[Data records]
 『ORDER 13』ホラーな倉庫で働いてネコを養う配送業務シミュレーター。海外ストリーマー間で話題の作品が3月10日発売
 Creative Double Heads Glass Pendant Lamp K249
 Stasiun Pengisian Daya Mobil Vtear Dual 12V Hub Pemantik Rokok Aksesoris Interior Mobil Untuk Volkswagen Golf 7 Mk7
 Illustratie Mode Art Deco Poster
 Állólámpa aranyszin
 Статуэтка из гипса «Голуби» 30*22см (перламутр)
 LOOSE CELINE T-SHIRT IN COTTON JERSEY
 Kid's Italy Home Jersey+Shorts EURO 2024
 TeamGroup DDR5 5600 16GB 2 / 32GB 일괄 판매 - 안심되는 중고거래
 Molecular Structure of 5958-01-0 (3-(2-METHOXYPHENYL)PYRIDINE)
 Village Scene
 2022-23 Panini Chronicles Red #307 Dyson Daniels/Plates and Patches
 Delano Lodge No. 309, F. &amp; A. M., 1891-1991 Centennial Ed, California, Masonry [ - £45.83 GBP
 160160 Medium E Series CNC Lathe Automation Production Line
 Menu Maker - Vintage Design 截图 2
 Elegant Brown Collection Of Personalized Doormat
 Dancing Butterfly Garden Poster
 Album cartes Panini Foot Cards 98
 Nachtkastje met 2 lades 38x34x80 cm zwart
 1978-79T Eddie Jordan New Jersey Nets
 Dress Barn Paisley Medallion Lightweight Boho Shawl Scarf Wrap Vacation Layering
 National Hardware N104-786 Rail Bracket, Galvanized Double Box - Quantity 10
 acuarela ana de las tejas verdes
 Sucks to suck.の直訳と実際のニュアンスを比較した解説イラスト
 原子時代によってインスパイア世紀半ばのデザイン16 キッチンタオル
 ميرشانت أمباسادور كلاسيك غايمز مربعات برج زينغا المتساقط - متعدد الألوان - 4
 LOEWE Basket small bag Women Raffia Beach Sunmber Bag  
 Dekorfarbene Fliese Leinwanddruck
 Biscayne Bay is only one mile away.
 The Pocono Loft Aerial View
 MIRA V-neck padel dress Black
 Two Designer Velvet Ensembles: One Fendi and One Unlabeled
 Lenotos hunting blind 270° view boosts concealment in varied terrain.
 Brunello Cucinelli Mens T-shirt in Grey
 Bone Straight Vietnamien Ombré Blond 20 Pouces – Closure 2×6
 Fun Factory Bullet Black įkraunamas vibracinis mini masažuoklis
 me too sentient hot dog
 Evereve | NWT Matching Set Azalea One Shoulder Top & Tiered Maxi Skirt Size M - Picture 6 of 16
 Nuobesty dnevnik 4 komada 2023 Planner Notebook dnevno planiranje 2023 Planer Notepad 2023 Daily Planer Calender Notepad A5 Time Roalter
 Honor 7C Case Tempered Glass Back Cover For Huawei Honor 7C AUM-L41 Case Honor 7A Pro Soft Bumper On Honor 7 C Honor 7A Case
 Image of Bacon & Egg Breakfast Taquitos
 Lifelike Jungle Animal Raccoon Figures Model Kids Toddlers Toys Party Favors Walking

### PROBLEM STATEMENT
The response has to match the records above word for word.

### COMPLETED TASK
 『ORDER 13』ホラーな倉庫で働いてネコを養う配送業務シミュレーター。海外ストリーマー間で話題の作品が3月10日発売
 Creative Double Heads Glass Pendant Lamp K249
 Stasiun Pengisian Daya Mobil Vtear Dual 12V Hub Pemantik Rokok Aksesoris Interior Mobil Untuk Volkswagen Golf 7 Mk7
 Illustratie Mode Art Deco Poster
 Állólámpa aranyszin
 Статуэтка из гипса «Голуби» 30*22см (перламутр)
 LOOSE CELINE T-SHIRT IN COTTON JERSEY
 Kid's Italy Home Jersey+Shorts EURO 2024
 TeamGroup DDR5 5600 16GB 2 / 32GB 일괄 판매 - 안심되는 중고거래
 Molecular Structure of 5958-01-0 (3-(2-METHOXYPHENYL)PYRIDINE)
 Village Scene
 2022-23 Panini Chronicles Red #307 Dyson Daniels/Plates and Patches
 Delano Lodge No. 309, F. &amp; A. M., 1891-1991 Centennial Ed, California, Masonry [ - £45.83 GBP
 160160 Medium E Series CNC Lathe Automation Production Line
 Menu Maker - Vintage Design 截图 2
 Elegant Brown Collection Of Personalized Doormat
 Dancing Butterfly Garden Poster
 Album cartes Panini Foot Cards 98
 Nachtkastje met 2 lades 38x34x80 cm zwart
 1978-79T Eddie Jordan New Jersey Nets
 Dress Barn Paisley Medallion Lightweight Boho Shawl Scarf Wrap Vacation Layering
 National Hardware N104-786 Rail Bracket, Galvanized Double Box - Quantity 10
 acuarela ana de las tejas verdes
 Sucks to suck.の直訳と実際のニュアンスを比較した解説イラスト
 原子時代によってインスパイア世紀半ばのデザイン16 キッチンタオル
 ميرشانت أمباسادور كلاسيك غايمز مربعات برج زينغا المتساقط - متعدد الألوان - 4
 LOEWE Basket small bag Women Raffia Beach Sunmber Bag  
 Dekorfarbene Fliese Leinwanddruck
 Biscayne Bay is only one mile away.
 The Pocono Loft Aerial View
 MIRA V-neck padel dress Black
 Two Designer Velvet Ensembles: One Fendi and One Unlabeled
 Lenotos hunting blind 270° view boosts concealment in varied terrain.
 Brunello Cucinelli Mens T-shirt in Grey
 Bone Straight Vietnamien Ombré Blond 20 Pouces – Closure 2×6
 Fun Factory Bullet Black įkraunamas vibracinis mini masažuoklis
 me too sentient hot dog
 Evereve | NWT Matching Set Azalea One Shoulder Top & Tiered Maxi Skirt Size M - Picture 6 of 16
 Nuobesty dnevnik 4 komada 2023 Planner Notebook dnevno planiranje 2023 Planer Notepad 2023 Daily Planer Calender Notepad A5 Time Roalter
 Honor 7C Case Tempered Glass Back Cover For Huawei Honor 7C AUM-L41 Case Honor 7A Pro Soft Bumper On Honor 7 C Honor 7A Case
 Image of Bacon & Egg Breakfast Taquitos
 Lifelike Jungle Animal Raccoon Figures Model Kids Toddlers Toys Party Favors Walking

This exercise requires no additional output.